To learn about all these, look up the functions in the classes (mostly ZipArchive and ZipEntry) and see the comments at the top of them. That's their documentation.
Note that the methods starting with "z_" are private functions, all other are open for general use.
If you find bugs or make enhancements to this software, please contact me about them (send me your changed version), and I'll see to incorporate them into my next release to have others benefit from it, too.
Known limitations and problems
- All Stuffit Expander versions up to 7.0.1 for Mac OS can not automatically decode MacBinary-encoded items if those items are in subfolders of the archive. Stuffit Expander 7.0.3 has fixed this problem. (Expander for Windows does not have this problem.)
- The "MacDefault" encoding does only work on Mac OS, but not on Windows (this is a RB limitation)
- The archive files are signed to be made by PKZIP, indicating that file names and other Operating System dependencies use MS-DOS as their reference. This means that, by default, file names should be using MS-DOS encodings, and text files should use CR+LF (chr(13)+chr(10)) as end-of-line delimiters.
- Archive items can have the "text file" flag set. If this is set, the end-of-line (EOL) delimiters of such a file should be converted to the local defaults. This, however, does currently not happen with this software! You can, at least, inquire about this flag along with getting an entry's OS code to determine the source and destination EOL format and convert it then yourself. See ZipEntry methods IsTextFile() and OSMadeBy().

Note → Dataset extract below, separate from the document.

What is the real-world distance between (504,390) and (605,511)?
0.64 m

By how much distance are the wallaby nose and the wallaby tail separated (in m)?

- Be aware that the Zip directory can officially hold only up to 65535 entries. If you add more, many tools, including this one, may not be able to deal with the archive any more. The limitation comes from the fact that the number of entries is stored in a 16 bit field. There are work-arounds, but they're outside the specification. This Zip Package makes a best effort attempt at dealing with archives that contain more than 65535 entries: You can read them, but you cannot alter them.
Compatibility & interchangeability considerations
There are many different Zip archiver tools around, and many have interchange problems when it comes to these particularities:
- Non-ASCII file names. The problem is that the Zip "standard" does not provide clear rules for encoding file name. That means that if a file name uses extended letters such as ç, é or even non-Roman scripts (Japanese etc.), the Zip archive does not include the information how these letters are encoded in the archive. Originally, the DOS character sets were used, but nowadays Apple's OS X uses UTF-8, while most Windows archives rather still use local system encodings (i.e. they depend on the language the Windows system uses). Here are some details on the uses:
- Apple's Zip tool in OS X 10.4 and later (as invoked by the Finder) always writes UTF-8 in the names in the directory. When reading an archive, it apparently also always assumes the names to be in UTF-8 format.
- ZipIt 2.2.2 is a bit more versatile: It has an option in its Preferences to choose whether to use Unicode file names or the older encodings understood better by Windows zip tools. When the option enabled, it will encode the name in UTF-8 and set the lowest byte of the "external permissions" 32 bit value to 1. When reading an archive, it checks this byte: Only when it's non-zero, it interprets the file name as UTF-8, otherwise it uses an old encoding (e.g. MacRoman). The problem is now that Apple's zip does set this same byte to zero. Therefore, non-ASCII file names, when created by Apple's zip and read by ZipIt, are not properly decoded. The other direction works, however, as Apple blindly always assumes UTF-8.
- This Zip Package will from version 1.3 on, to enable best interchangeability, write the lowest byte of the "external permissions" with the value 1 in order to please ZipIt (former versions of this code did not do this) if UTF-8 encoding is chosen. When reading an archive, it will also check for the special signatures the Apple Zip tool and ZipIt write to an entry in order to detect UTF-8 encoded file names automatically.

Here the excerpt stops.